By Chris Hurt, Extension Economist Purdue University
This year’s corn crop is not big enough to meet the entire consumption base that has been built. Prices will have to be high enough to convince some end users to reduce consumption from current levels. Can the pork industry compete with other end users?
The answer is complex and will depend on many factors including how small the U.S. corn crop is and production in the southern hemisphere this winter. Ultimately the question is how high corn prices have to be to get a sufficient number of end users to reduce consumption.
The largest competitor for corn in the coming year will be the ethanol industry where USDA analysts currently estimate 5.1 billion bushels of corn use. To meet the mandated domestic Renewable Fuels Standard (RFS) will require about 4.7 billion bushels with nearly 400 million additional bushels used to make ethanol that will be exported. The 5.1 billion bushels of mostly mandated usage is 39 percent of the 2011 crop.
Mandated corn use was troublesome to the animal industries when corn was abundant. Now with short corn supplies, the concerns are even greater. Clearly use of 400 million bushels of a limited corn supply to produce ethanol to be exported to countries like Brazil is far beyond the intent of Congress in the 2007 energy legislation that established the current RFS. The short corn supply increases the odds that some end users, including the animal industries, will appeal to the EPA to consider exercising the emergency clause to reduce ethanol mandates for 2012.
Without a reduction in mandates, the cut-back in corn usage will primarily be thrust upon the non-fuel sectors represented primarily by the domestic animal sector and corn exports. There has been a general assumption that foreign customers would reduce consumption as prices rise, however in 2007/08 foreign customers increased purchases. Given the low value of the dollar and strong desire of many foreign governments to do what they can to moderate food inflation, the question remains whether the foreign sector will cut U.S. corn imports this year.
In 2007/08 the domestic livestock industry could not pay more than $6 per bushel for corn. That is no longer true as reduced per capita production over the past four years has increased farm level prices for animal products. Corn prices will have to move to new record highs on a marketing year basis to get animal industries to reduce corn use.
What are these corn price levels for the pork industry? That, of course, will vary sharply by individual producer, but the current estimate is that producers could pay about $6.65 per bushel based on a U.S. average farm price for the 2011/12 marketing year and still meet all other costs. USDA’s August WASDE report forecast the U.S. average farm price between $6.20 and $7.20, with $6.70 being the mid-point of the range. The corn futures market is now expecting prices above the $6.70 USDA mid-point and closer to $7.00 per bushel for a U.S. average price received. Corn prices above $7.00 per bushel would be required for the domestic livestock industry to cut back on usage.

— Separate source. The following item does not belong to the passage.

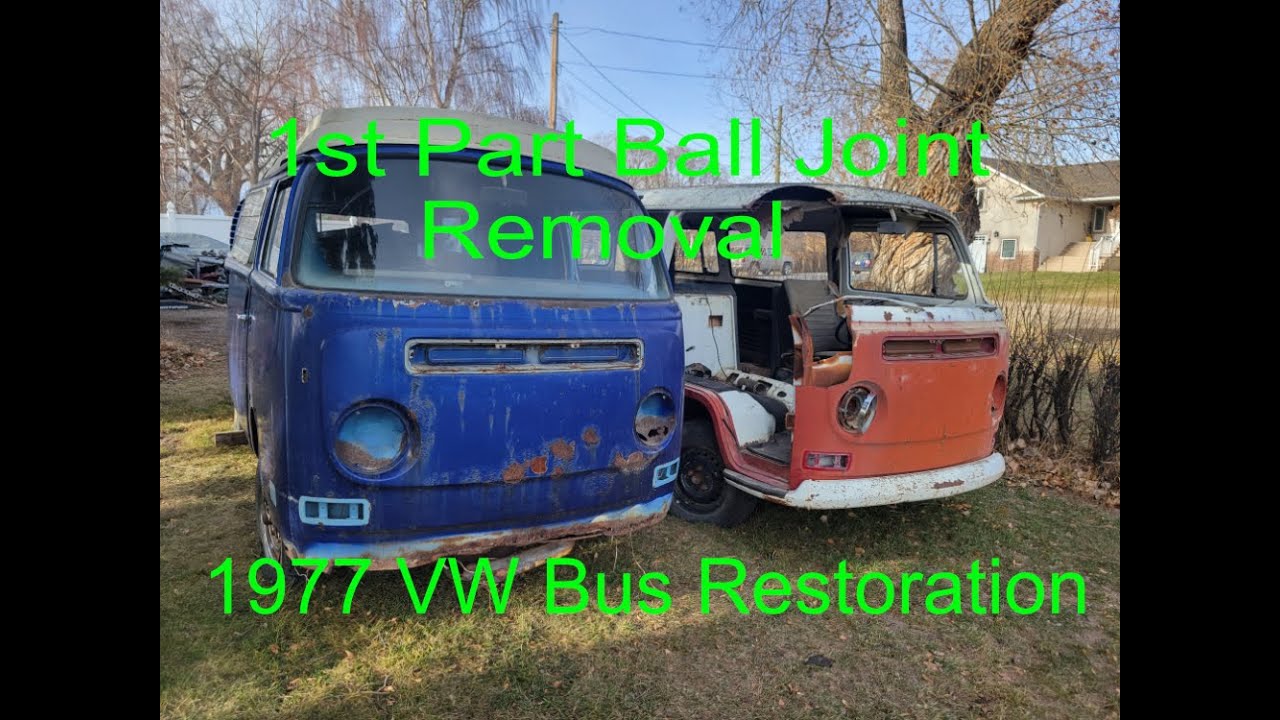 1977 VW Bus, Camper. 1st Part of removing the Front Suspension Ball Joints.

Pork producers were well aware of this season’s corn price uncertainty and have kept expansion plans on hold. Those decisions appear fortuitous now. Estimated farrow-to-finish margins for the 2011/12 corn marketing year now appear to be slightly negative, with an average loss of $4.00 per head. This potential loss is small enough to keep the industry at about the same size. An alternative way to say this is that corn and meal prices above current levels could cause the industry to begin to shift toward moderate liquidation.
The industry remains hopeful that both China and South Korea will purchase more pork from the U.S. Greater pork exports would stimulate hog prices and enable the industry to pay more for feed. Unfortunately, domestic consumer demand is expected to be weak as consumer income growth is expected to remain modest in coming months.